** Records shown **
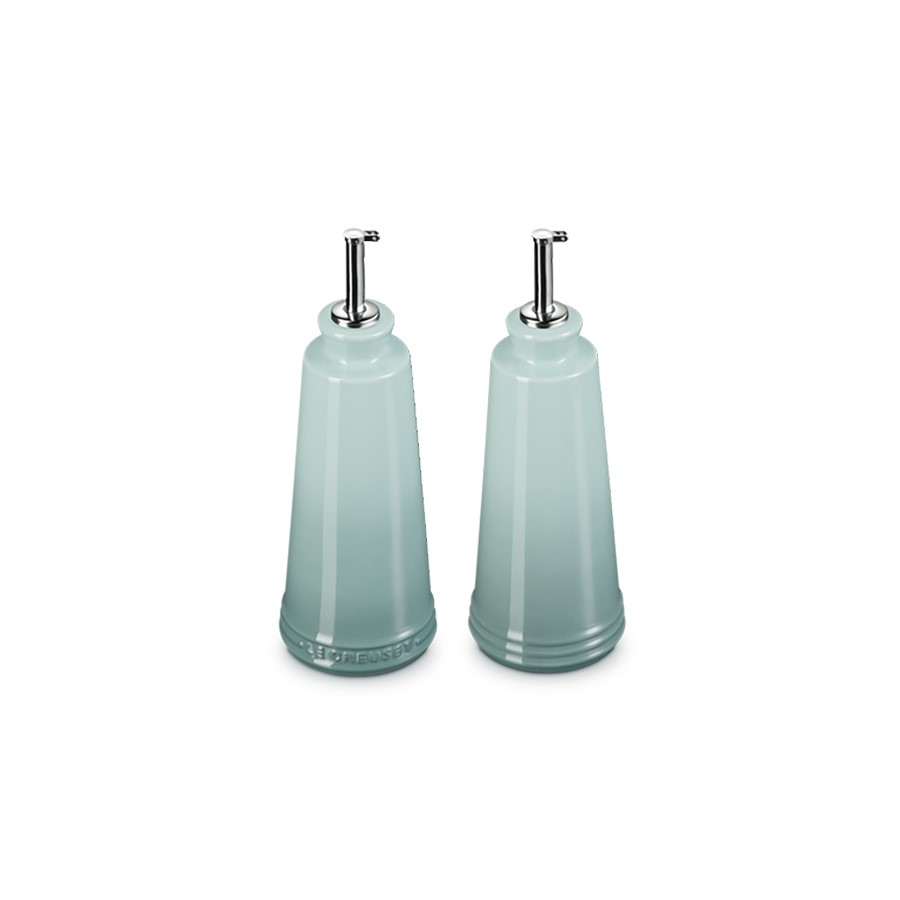 additioanl image for  Le Creuset Oil & Vinegar Set Sea Salt 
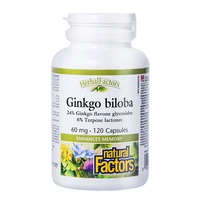 free shipping natural ginkgo biloba extract 120 capsules to enhance memory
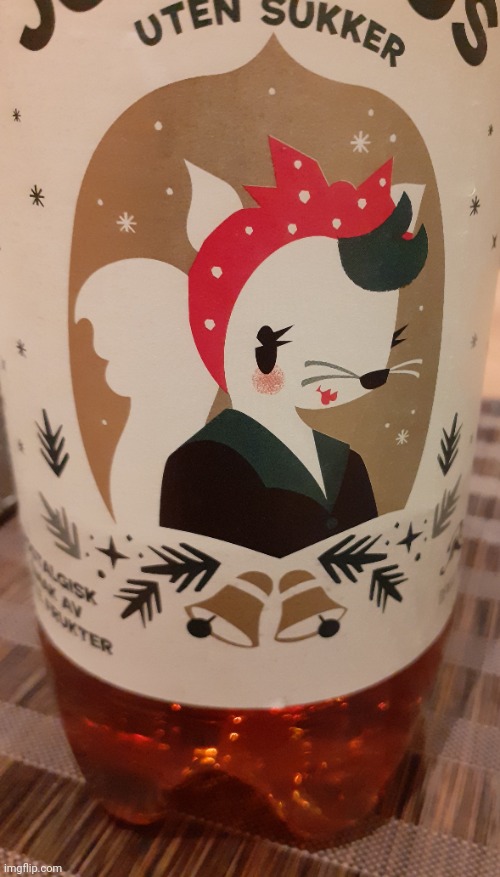 a furry designed this bottle | made w/ Imgflip meme maker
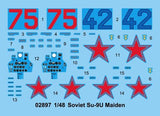 Trumpeter Aircraft 1/48 Su9U Maiden Soviet Aircraft Kit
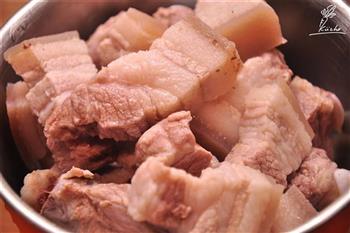 砂锅红烧肉的做法步骤4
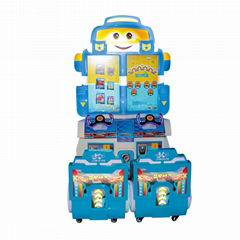 Jiaxin Hot Sale Coin Operated Video Arcade Game Machine For Kids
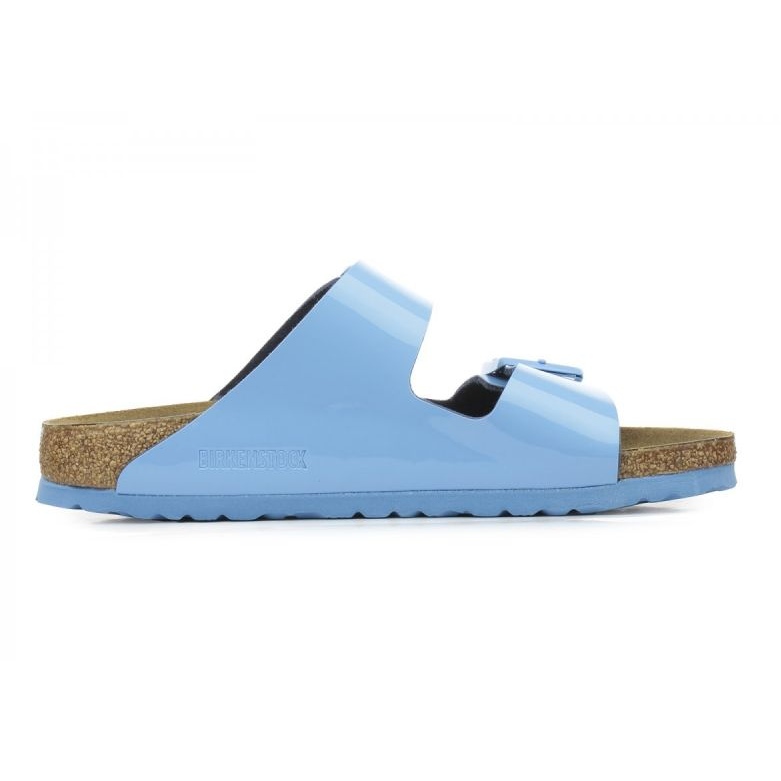 Pantofle Birkenstock Arizona Bf W 1024105 modrý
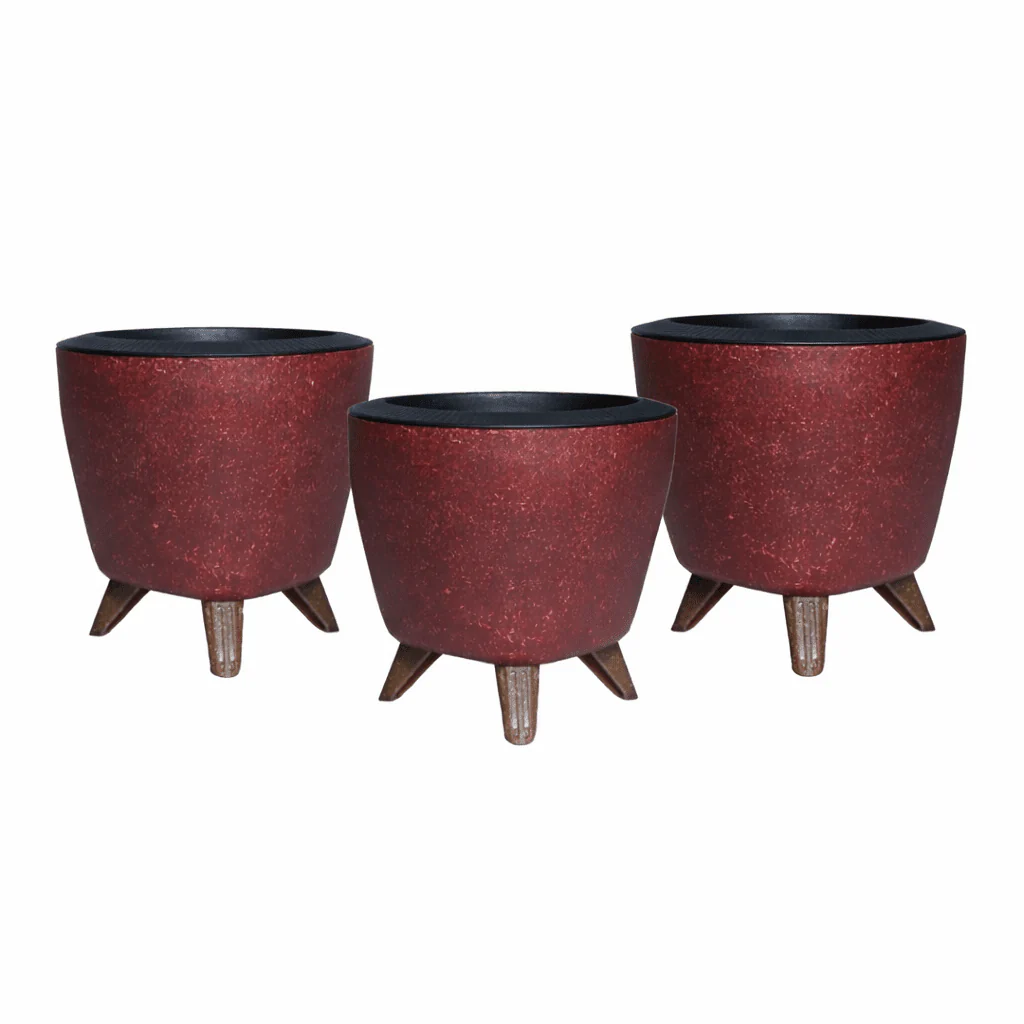 5.10 inch (13 cm) Lagos Round Eco Pot - Image 9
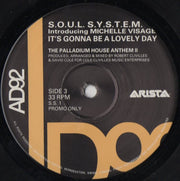 S.O.U.L. S.Y.S.T.E.M.* Introducing Michelle Visage : It's Gonna Be A Lovely Day (2x12", Promo)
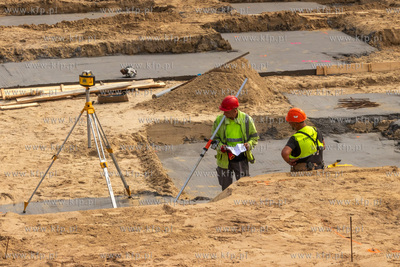 Budowa basenu przy skrzyżowaniu ulic Kościuszki z...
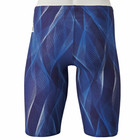 Mizuno Mens Gx-sonic V Multi Racer mr  Technical Swimsuit N2mb0002 Xs Blue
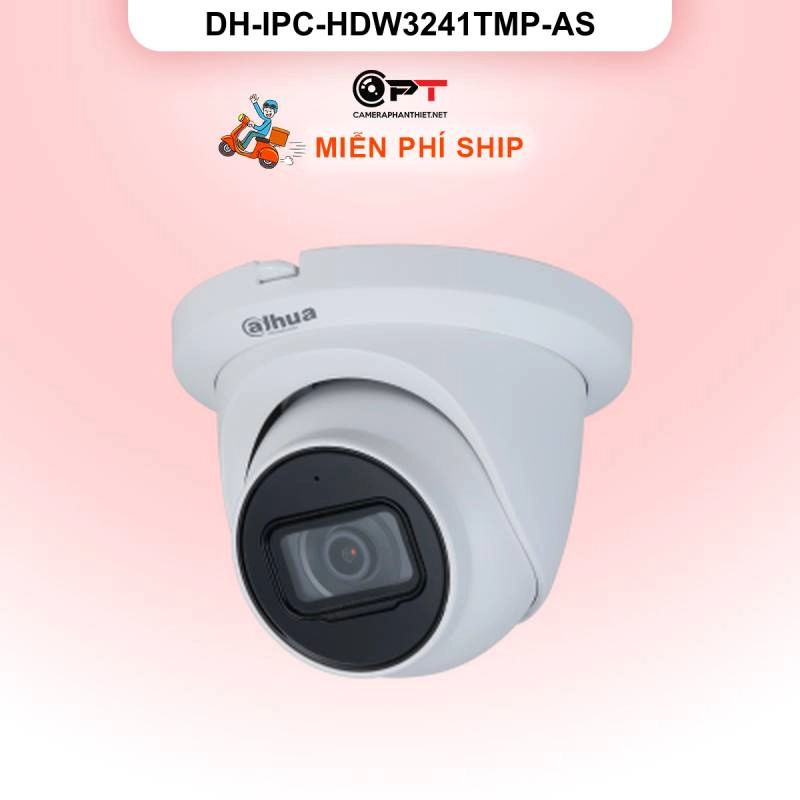 Ảnh sản phẩm Camera IP Dahua DH-IPC-HDW3241TMP-AS 2MP - có thu âm - hình 1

** Aim of the exercise **
Your output must consist only of the lines from the line with "5.10 inch (13" through the final line of the data, both included, reproduced exactly and free of pictures.

** Solution to the exercise **
 5.10 inch (13 cm) Lagos Round Eco Pot - Image 9
 S.O.U.L. S.Y.S.T.E.M.* Introducing Michelle Visage : It's Gonna Be A Lovely Day (2x12", Promo)
 Budowa basenu przy skrzyżowaniu ulic Kościuszki z...
 Mizuno Mens Gx-sonic V Multi Racer mr  Technical Swimsuit N2mb0002 Xs Blue
 Ảnh sản phẩm Camera IP Dahua DH-IPC-HDW3241TMP-AS 2MP - có thu âm - hình 1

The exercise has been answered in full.